Exercise details >> Below are some records. Output the lines from the first one through the line that holds "thumbnail image 1", exactly as written, with no pictures.

Stored items from a collection:
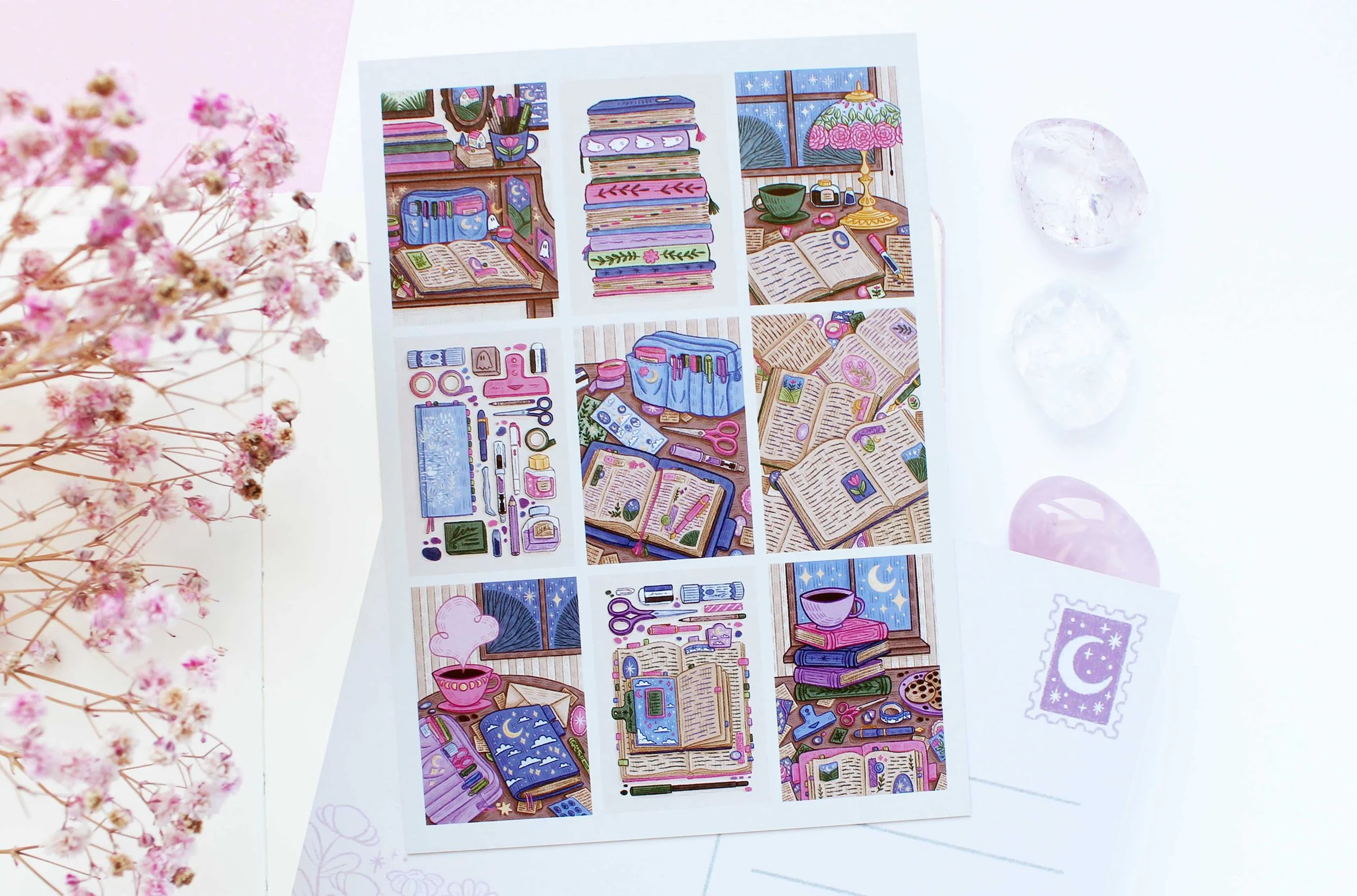 Sationery Postcard 2, Journaling, Planner, Planning, Scrap Book, Stationery Lover, Art, Illustration, Marigona Suli, Magical, Spooky, Witchy, Witches, Sticker, Sticker Sheets copy.jpg
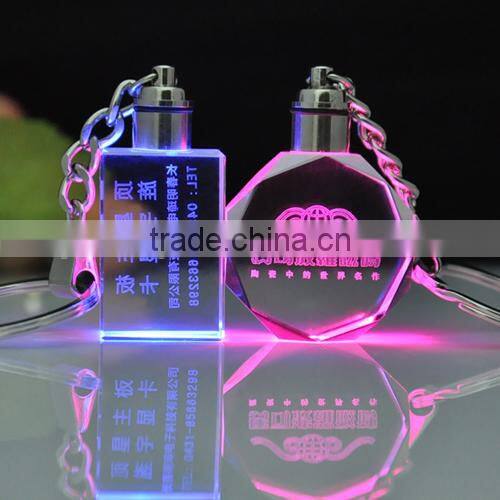 factory wholesale LED light crystal key chain with customized log for promotional gift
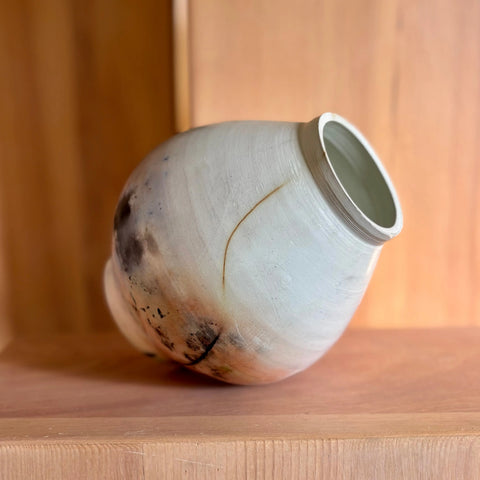 Lunar Exploration 3 | Handcrafted Porcelain Moon Jar Vase 6 Inch – Saggar-Fired Decorative Pottery | Made in USA All Muddy 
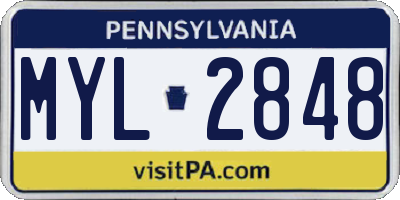 PA license plate MYL2848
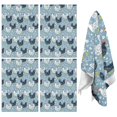 thumbnail image 1 of 4 Pcs Funny Kitchen Towels,Blue Chicken Floral Pattern Microfiber Dish Towels,Kitchen Tea Towels,Kitchen Towel Set (18" X 26"), 1 of 7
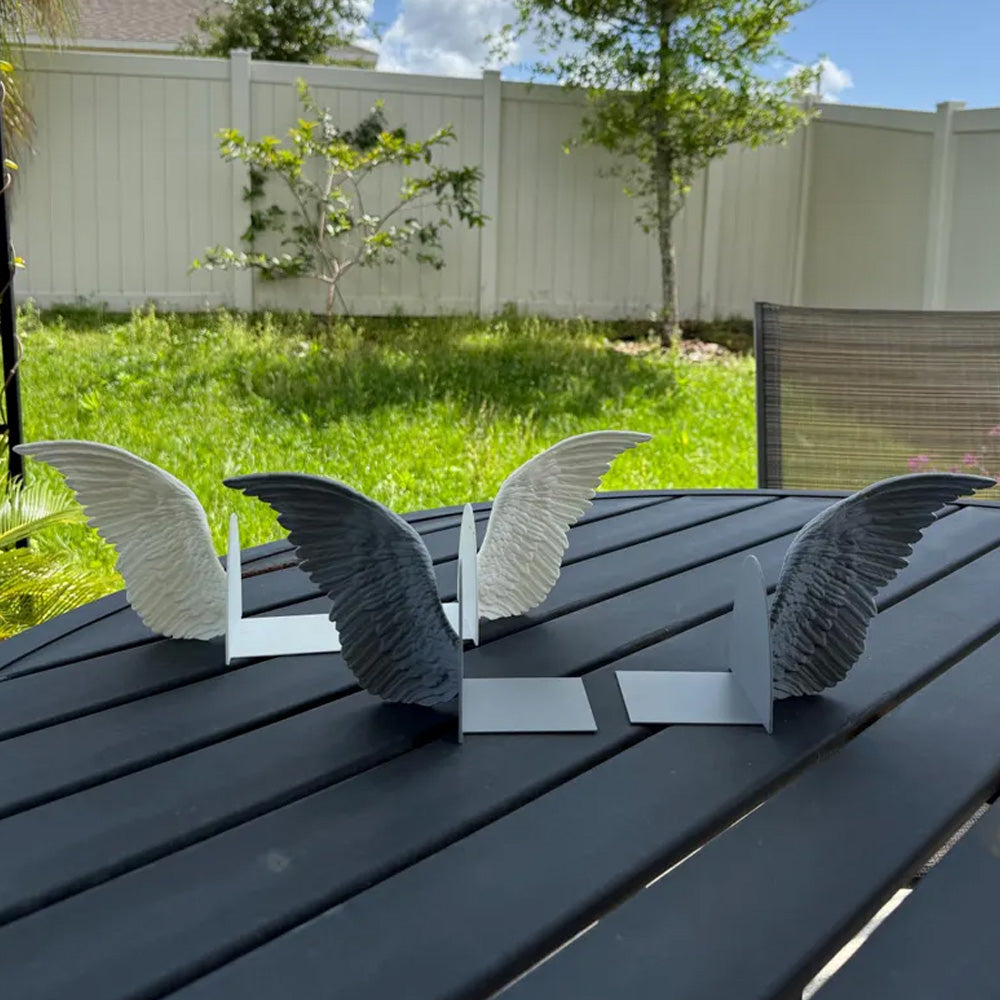 Angel Wings Bookends – 3D Printed Book Holder, Fantasy & Gothic Bookshelf Decor, Fae-Inspired Gift for Book Lovers - Image 4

Response to the exercise >>
 Sationery Postcard 2, Journaling, Planner, Planning, Scrap Book, Stationery Lover, Art, Illustration, Marigona Suli, Magical, Spooky, Witchy, Witches, Sticker, Sticker Sheets copy.jpg
 factory wholesale LED light crystal key chain with customized log for promotional gift
 Lunar Exploration 3 | Handcrafted Porcelain Moon Jar Vase 6 Inch – Saggar-Fired Decorative Pottery | Made in USA All Muddy 
 PA license plate MYL2848
 thumbnail image 1 of 4 Pcs Funny Kitchen Towels,Blue Chicken Floral Pattern Microfiber Dish Towels,Kitchen Tea Towels,Kitchen Towel Set (18" X 26"), 1 of 7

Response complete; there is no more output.